Every once in a while, a political canard is exposed—something that once may have been generally accepted and perhaps true, but has remained a part of the conventional wisdom.
Such is the case with the view that any kind of normalization of relations with Cuba is a political third rail; that is to say, if you touch it, you die (or get defeated). In the Cold War era, particularly in the 1960s, normalization of relations with Cuba was a nonstarter, and in fact, it was dangerous for most politicians to support.
But that day has long since passed. In all but possibly a handful of congressional districts in Florida and New Jersey—if even there—this is a nothing-burger issue. Few voters would have any problem with it. Like the missile silos in North Dakota, our policy toward Cuba is a Cold War relic that has long since passed its time.
A new bipartisan national survey points to strong and broad-based support for a major change in U.S. policy toward Cuba, even among Republicans.
Indeed, Republican members representing farm states have a particular incentive to support legislation that would create a new market for U.S. goods, particularly corn and grain, just 90 miles off the coast of Florida.
Commissioned by the Atlantic Council, a highly respected foreign policy think tank, and its Adrienne Arsht Latin America Center, the poll was conducted Jan. 7-22, in English and Spanish, among 1,024 adults nationwide. The survey also included an over-sample of 617 Floridians, so that their attitudes could be given particular focus, and had a margin of error of plus or minus 3.1 percentage points nationally and 4.0 points for the Florida group. The survey was conducted jointly by Republican pollster Glen Bolger of Public Opinion Strategies and Democratic pollster Paul Maslin of Fairbank, Maslin, Maullin, Metz, & Associates. Both are among the best pollsters in the country.

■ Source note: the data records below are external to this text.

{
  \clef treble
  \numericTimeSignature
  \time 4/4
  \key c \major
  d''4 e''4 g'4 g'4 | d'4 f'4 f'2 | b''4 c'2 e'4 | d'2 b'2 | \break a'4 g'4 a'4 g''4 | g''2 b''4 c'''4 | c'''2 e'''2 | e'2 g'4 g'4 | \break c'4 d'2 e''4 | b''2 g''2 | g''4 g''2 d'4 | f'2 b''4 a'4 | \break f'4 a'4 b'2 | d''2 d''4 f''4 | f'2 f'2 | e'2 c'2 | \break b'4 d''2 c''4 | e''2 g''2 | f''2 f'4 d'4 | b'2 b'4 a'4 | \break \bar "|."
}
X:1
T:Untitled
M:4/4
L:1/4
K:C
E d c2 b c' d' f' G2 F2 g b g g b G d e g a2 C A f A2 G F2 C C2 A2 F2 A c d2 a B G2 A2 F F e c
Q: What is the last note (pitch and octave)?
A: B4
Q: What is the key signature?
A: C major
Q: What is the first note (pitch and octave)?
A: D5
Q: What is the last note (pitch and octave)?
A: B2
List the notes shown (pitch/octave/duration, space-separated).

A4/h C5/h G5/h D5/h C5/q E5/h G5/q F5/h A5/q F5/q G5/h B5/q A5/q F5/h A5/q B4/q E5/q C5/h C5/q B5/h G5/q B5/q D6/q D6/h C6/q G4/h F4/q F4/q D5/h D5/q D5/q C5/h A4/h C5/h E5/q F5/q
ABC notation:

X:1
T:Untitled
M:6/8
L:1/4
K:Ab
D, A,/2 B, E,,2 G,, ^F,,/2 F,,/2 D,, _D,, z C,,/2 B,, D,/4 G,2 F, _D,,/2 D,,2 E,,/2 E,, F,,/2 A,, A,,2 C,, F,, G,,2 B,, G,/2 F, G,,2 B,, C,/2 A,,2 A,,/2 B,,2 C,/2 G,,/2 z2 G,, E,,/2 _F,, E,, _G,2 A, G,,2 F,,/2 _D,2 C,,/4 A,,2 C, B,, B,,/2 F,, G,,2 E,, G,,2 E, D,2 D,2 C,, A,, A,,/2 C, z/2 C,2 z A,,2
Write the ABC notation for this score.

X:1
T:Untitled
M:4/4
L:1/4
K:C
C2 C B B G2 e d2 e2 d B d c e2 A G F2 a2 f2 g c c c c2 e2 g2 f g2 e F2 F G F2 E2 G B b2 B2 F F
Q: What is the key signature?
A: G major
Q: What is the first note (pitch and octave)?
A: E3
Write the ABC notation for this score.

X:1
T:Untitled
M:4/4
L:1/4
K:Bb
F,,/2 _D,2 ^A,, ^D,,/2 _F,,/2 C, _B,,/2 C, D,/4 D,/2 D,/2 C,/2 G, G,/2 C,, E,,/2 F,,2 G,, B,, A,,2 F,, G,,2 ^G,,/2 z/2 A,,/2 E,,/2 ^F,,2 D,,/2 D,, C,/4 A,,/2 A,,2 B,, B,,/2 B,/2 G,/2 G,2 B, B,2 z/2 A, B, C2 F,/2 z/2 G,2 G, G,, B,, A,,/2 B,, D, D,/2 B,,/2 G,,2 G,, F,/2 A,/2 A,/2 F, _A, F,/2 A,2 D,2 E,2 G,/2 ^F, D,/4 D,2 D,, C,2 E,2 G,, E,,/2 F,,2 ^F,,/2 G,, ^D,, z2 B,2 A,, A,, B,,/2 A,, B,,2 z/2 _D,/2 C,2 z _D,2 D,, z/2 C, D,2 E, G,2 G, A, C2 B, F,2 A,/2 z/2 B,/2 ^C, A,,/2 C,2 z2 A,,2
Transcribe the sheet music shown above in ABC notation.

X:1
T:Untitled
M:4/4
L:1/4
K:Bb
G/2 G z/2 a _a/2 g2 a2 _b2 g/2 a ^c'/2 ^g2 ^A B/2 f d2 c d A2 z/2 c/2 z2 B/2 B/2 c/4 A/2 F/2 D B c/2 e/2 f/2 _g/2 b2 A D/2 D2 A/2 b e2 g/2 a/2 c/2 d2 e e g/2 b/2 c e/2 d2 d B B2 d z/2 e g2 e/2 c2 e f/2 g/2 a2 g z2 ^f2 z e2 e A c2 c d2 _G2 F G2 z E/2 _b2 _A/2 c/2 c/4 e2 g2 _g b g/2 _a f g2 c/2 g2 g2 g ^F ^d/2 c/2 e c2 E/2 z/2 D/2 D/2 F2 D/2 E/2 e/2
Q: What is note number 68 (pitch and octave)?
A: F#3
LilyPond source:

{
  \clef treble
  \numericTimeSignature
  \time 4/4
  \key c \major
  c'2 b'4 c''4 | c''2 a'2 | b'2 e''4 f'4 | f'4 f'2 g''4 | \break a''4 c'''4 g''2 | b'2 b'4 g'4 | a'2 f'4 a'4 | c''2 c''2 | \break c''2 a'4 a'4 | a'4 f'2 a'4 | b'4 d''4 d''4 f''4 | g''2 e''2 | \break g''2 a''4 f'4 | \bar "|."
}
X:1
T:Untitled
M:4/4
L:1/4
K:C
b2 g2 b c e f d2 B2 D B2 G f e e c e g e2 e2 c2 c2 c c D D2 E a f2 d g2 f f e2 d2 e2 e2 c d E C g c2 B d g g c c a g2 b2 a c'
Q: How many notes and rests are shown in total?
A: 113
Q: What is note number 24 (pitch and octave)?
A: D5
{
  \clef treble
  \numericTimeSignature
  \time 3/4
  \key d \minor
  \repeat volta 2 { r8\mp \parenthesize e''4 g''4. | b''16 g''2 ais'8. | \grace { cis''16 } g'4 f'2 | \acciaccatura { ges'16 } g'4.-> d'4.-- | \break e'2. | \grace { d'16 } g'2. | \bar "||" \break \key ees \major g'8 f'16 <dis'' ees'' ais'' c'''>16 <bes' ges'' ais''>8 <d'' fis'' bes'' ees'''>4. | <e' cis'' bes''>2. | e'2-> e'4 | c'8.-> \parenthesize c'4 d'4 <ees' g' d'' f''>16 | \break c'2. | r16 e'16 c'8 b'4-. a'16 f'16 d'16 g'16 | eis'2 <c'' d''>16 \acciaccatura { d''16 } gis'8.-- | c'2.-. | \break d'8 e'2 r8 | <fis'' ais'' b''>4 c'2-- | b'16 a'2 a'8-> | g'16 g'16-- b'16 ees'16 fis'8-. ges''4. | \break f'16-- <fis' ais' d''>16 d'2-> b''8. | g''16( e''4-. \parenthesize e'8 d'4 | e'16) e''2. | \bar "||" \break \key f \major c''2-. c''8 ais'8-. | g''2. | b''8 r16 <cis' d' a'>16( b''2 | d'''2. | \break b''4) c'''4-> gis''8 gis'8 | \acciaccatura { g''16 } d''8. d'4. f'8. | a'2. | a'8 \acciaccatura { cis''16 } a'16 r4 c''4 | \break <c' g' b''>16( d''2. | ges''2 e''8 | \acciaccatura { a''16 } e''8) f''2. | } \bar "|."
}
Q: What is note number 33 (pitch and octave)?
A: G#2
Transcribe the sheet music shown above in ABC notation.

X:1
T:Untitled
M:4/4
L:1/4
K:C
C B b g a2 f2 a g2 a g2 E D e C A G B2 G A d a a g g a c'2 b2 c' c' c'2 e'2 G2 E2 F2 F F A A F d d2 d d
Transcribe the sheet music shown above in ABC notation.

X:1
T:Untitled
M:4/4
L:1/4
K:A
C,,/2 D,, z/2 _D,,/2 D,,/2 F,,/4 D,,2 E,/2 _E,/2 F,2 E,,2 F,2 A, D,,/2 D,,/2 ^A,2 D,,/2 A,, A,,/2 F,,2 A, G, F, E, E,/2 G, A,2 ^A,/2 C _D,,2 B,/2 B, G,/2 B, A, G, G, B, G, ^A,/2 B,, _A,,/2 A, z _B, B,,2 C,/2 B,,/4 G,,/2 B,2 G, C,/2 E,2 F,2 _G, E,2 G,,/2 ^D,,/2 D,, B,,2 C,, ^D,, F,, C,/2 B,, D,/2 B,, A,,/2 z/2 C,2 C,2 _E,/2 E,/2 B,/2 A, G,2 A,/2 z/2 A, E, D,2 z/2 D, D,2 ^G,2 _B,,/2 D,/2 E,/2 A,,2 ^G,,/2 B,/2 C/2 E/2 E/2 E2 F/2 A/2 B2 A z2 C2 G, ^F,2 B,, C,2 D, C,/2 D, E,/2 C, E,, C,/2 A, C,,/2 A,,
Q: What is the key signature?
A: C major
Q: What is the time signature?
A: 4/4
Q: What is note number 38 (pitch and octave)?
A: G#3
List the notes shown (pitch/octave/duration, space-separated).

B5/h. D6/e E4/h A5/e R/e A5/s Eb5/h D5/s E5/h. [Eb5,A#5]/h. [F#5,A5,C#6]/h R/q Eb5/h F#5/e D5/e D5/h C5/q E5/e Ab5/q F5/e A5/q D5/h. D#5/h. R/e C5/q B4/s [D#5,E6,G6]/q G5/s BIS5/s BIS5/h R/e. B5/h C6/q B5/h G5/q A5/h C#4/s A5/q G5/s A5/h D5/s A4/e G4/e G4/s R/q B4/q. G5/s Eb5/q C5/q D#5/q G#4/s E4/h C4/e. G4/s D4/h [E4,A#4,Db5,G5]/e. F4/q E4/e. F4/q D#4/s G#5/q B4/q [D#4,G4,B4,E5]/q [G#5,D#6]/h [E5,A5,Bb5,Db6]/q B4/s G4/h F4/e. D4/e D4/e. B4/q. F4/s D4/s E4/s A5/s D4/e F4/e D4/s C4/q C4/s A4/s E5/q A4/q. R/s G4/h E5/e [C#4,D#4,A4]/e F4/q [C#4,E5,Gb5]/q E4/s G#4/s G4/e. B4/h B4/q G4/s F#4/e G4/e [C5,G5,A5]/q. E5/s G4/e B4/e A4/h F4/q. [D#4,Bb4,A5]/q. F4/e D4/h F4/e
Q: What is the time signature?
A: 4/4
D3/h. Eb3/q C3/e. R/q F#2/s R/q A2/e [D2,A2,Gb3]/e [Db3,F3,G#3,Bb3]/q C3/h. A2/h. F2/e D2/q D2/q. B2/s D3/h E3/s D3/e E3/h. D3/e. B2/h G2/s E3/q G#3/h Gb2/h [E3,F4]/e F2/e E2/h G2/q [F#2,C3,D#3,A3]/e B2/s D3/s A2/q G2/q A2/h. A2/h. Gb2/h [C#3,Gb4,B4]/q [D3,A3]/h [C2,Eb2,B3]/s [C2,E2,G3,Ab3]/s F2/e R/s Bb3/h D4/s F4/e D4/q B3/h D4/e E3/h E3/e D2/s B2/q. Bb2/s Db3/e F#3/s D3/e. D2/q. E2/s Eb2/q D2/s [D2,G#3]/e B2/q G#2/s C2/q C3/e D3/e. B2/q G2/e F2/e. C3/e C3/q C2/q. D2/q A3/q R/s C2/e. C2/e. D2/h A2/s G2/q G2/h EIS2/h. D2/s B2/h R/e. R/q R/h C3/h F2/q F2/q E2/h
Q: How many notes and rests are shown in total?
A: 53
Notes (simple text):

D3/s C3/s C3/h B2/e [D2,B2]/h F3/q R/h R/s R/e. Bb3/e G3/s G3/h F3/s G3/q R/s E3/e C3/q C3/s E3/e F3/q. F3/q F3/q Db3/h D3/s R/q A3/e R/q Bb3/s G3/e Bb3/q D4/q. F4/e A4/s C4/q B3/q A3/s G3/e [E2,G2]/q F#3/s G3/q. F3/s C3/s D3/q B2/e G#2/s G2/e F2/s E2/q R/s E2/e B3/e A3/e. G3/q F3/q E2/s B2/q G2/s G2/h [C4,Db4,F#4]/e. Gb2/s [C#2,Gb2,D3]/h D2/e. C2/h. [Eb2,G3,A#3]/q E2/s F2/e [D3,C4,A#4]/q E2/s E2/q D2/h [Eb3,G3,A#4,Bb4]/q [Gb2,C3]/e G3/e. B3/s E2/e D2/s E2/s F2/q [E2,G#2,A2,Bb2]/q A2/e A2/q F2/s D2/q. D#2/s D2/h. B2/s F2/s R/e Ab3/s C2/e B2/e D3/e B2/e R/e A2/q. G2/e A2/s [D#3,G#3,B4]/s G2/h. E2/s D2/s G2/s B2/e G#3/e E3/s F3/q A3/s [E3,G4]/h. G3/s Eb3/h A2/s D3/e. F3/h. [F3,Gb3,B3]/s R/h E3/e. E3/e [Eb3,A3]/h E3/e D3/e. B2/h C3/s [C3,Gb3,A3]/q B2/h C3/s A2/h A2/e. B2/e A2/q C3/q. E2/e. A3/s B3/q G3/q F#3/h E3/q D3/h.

Nationally, 56 percent of Americans support either normalizing relations or engaging more directly with Cuba; just 35 percent are opposed. Support for a policy change is also reflected in the numbers of people who feel most intensely about the issue, with 30 percent of the overall sample strongly favoring such a change and 26 percent somewhat in favor, while 22 percent strongly oppose and another 13 percent somewhat oppose this. Nine percent have no opinion. Among Democrats and independents, 60 percent favor changing relations; 31 percent of Democrats and 30 percent of independents are opposed. Even among Republicans, 52 percent favor a change in policy, with 41 percent in opposition.